The war on drugs on the 1980s was followed by a war on child porn in the 1990s to the war on terrorism after 2001, each of which steadily eroded fourth amendment protections through the end of the twentieth century and first decade of the twenty-first. This fear-driven jurisprudence has been replaced with a healthy concern about the limits of police power.
The concerns about the erosion of our freedoms first raised by the ACLU, criminal defense lawyers, liberal Democrats and libertarian Republicans were ignored by most mainstream politicians. For instance, even to this day, Congress has not enacted a law requiring a warrant to read your emails. And the court reflected the mainstream. For instance, the Supreme Court a few decades ago allowed police helicopters to view your property even if your up put up a fence for privacy.
But the politics of civil liberties started to shift in the past decade. Technology companies, even as they did much to invade our privacy for commercial purposes, brought the lobbying power and legal acumen of the nation’s top law firms to write erudite briefs supporting the right of Google, Apple, and Facebook, not to be mere pawns of federal law enforcement.
The Supreme Court became more tech savvy. Justice Sotomayor’s concurrence in US v Jones (2012) which struck down the police placing of a GPS tracking device without a search warrant on a suspect’s car was a watershed moment. She showed how technology allowed the Government to follow us and know our secrets, and that the Court must interpret the Fourth Amendment to prevent that. Her reasoning was adopted in the Riley case, a few years later, which outlawed the routine search of computerized cell phones from people who were arrested without a search warrant.

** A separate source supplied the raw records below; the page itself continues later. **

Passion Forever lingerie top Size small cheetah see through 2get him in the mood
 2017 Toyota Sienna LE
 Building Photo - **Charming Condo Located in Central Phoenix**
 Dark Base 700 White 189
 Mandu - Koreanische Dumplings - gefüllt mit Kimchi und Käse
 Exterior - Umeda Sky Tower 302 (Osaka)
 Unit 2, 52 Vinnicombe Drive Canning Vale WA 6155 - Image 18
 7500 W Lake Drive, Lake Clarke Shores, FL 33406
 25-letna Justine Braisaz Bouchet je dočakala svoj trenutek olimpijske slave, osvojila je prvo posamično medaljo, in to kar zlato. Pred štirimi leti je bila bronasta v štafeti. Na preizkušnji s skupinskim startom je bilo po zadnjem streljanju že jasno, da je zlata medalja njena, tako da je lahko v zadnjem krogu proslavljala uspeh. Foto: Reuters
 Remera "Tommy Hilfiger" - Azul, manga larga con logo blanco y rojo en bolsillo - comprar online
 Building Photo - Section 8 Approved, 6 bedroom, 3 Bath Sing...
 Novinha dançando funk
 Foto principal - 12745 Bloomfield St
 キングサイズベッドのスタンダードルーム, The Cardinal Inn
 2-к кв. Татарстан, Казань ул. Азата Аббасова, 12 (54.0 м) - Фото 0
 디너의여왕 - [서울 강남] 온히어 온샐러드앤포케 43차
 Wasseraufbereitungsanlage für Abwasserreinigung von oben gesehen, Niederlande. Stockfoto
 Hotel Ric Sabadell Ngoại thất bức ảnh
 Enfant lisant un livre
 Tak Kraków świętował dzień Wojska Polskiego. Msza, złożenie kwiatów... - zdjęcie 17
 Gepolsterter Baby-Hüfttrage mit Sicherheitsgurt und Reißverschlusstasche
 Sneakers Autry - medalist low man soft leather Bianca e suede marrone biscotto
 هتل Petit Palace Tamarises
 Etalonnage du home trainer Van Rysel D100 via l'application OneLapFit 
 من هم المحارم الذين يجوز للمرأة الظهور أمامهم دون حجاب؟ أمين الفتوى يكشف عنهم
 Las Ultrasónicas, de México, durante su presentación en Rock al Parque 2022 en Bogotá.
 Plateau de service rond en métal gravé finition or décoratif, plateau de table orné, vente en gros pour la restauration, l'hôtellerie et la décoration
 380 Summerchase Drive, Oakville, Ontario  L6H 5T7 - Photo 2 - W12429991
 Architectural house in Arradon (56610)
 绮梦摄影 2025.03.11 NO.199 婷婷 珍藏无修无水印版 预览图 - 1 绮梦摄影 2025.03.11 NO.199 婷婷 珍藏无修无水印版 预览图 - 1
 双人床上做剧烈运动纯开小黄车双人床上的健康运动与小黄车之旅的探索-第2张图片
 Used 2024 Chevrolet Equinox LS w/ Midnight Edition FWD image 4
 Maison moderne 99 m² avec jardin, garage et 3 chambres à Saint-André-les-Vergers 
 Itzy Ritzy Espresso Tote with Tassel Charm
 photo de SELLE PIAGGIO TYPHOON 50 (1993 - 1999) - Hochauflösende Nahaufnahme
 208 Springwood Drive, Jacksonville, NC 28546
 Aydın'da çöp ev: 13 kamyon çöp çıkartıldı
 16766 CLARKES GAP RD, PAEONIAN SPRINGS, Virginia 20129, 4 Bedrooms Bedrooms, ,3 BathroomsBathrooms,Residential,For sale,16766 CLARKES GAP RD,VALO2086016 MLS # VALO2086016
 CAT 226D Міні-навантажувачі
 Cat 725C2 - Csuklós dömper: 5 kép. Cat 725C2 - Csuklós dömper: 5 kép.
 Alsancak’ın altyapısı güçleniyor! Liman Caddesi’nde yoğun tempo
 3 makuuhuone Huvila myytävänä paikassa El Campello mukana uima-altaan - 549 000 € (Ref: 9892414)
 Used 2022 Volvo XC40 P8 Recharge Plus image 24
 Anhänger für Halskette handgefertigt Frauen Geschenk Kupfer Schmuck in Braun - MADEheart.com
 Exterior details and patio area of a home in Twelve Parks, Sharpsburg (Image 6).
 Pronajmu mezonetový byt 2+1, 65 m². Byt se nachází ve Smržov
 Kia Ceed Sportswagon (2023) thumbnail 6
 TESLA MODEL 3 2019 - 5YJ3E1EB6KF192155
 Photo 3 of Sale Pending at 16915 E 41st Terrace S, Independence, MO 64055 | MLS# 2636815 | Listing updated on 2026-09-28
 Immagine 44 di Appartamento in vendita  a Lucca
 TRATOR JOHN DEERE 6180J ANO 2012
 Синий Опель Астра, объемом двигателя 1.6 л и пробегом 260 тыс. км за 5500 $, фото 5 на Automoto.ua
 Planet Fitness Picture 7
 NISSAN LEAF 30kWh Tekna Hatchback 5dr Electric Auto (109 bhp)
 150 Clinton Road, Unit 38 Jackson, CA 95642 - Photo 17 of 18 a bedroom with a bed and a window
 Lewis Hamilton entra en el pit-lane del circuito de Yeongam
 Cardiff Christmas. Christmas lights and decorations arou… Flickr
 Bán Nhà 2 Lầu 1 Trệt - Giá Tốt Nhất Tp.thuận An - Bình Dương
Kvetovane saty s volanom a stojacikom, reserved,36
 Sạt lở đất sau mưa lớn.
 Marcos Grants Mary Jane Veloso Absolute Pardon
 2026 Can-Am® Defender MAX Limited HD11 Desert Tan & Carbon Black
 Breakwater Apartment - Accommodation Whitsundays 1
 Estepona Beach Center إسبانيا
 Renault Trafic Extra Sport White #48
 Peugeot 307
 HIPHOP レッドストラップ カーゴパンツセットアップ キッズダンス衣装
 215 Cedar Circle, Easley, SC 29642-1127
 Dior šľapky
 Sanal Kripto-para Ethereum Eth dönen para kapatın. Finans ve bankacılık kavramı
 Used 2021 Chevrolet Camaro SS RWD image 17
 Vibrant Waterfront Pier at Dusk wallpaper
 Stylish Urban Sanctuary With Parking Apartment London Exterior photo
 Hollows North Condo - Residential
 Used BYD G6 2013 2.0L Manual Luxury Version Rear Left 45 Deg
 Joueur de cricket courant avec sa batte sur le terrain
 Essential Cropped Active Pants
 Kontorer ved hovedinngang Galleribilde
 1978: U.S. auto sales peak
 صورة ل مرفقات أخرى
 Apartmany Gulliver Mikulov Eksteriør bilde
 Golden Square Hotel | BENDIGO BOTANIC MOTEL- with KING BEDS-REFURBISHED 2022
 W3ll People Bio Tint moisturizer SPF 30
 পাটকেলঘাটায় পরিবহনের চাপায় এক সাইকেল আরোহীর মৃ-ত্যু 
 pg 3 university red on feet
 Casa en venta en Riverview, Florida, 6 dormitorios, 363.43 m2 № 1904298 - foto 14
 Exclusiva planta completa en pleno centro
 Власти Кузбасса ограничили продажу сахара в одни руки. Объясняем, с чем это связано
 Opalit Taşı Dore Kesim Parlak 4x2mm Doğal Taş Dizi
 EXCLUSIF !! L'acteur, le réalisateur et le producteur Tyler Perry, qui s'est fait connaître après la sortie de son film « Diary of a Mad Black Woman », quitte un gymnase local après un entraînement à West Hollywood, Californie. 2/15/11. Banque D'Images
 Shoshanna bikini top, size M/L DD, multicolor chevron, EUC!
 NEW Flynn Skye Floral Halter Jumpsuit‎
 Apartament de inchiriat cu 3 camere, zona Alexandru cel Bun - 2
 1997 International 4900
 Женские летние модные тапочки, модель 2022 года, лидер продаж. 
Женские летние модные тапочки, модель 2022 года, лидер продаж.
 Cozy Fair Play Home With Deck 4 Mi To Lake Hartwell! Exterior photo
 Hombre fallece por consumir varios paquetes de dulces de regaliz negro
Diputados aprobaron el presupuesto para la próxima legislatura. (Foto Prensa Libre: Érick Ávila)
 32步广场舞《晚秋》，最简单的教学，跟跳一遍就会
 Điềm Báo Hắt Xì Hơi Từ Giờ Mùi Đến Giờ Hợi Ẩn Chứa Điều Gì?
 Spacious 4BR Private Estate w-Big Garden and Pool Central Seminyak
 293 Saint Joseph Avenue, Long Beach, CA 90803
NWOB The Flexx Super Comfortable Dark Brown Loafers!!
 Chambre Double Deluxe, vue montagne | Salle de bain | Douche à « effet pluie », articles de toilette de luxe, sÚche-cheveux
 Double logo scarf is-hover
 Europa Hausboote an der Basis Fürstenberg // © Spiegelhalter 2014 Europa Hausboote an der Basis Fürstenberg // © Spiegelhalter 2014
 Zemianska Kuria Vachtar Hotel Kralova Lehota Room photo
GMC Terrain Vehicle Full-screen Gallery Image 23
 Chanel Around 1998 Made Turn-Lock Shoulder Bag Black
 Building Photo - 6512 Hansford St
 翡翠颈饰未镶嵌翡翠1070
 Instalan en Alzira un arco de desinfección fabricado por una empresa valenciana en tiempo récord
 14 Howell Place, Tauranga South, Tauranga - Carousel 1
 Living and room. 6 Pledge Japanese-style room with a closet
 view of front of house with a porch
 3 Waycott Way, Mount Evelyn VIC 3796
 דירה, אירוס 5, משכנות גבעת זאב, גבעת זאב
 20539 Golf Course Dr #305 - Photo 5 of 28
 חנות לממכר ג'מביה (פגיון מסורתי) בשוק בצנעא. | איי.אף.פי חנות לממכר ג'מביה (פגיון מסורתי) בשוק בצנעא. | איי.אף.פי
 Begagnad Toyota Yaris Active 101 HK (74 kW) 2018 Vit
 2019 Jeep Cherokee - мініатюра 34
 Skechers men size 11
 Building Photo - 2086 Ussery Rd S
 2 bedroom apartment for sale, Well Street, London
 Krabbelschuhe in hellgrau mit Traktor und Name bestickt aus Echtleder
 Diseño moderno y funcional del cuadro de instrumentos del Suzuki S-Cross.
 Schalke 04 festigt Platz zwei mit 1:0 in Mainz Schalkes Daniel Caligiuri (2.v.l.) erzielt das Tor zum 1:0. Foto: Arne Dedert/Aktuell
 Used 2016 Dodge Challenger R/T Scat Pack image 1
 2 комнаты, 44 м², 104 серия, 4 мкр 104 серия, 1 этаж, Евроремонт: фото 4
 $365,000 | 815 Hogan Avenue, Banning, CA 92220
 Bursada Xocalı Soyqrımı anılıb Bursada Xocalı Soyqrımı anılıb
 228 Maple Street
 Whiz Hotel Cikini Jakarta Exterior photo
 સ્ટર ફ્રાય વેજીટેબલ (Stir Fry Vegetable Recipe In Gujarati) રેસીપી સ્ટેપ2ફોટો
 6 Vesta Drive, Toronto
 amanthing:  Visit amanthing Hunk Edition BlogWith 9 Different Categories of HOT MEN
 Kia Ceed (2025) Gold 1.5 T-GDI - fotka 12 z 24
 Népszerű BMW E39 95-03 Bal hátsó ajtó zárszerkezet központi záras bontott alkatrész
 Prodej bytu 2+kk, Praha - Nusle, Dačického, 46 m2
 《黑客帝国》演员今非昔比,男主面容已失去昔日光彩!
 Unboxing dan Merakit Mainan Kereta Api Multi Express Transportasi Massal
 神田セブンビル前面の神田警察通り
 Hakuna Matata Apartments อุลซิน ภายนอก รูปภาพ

Now we live in extraordinary times where the President of the United States, the highest officer in the land charged with enforcing the law, regularly comments about his concerns about the power of the FBI. And so both political parties are now on record expressing concern about the power of the Government, and not just criminal actors.
This particular case is not about technology. It is a remarkably old-fashioned question of the sort that could have arisen anytime in the last hundred years but somehow had not. Can a police officer walk into your driveway and lift up a tarp covering up a vehicle without permission or a warrant? Today, eight Supreme Court justices said no. Precisely because the question seems minor and routine and just a slight change from the formal rule, the reasoning of the dissent would have carried the day for most of my adult life. But not today.
This change in perspective about the role of the Court in keeping all of us free is a good one. The fourth amendment is neither liberal nor conservative. Rather, it is a uniquely American notion that the Government must be constrained in its efforts to keep us safe in order to keep us free.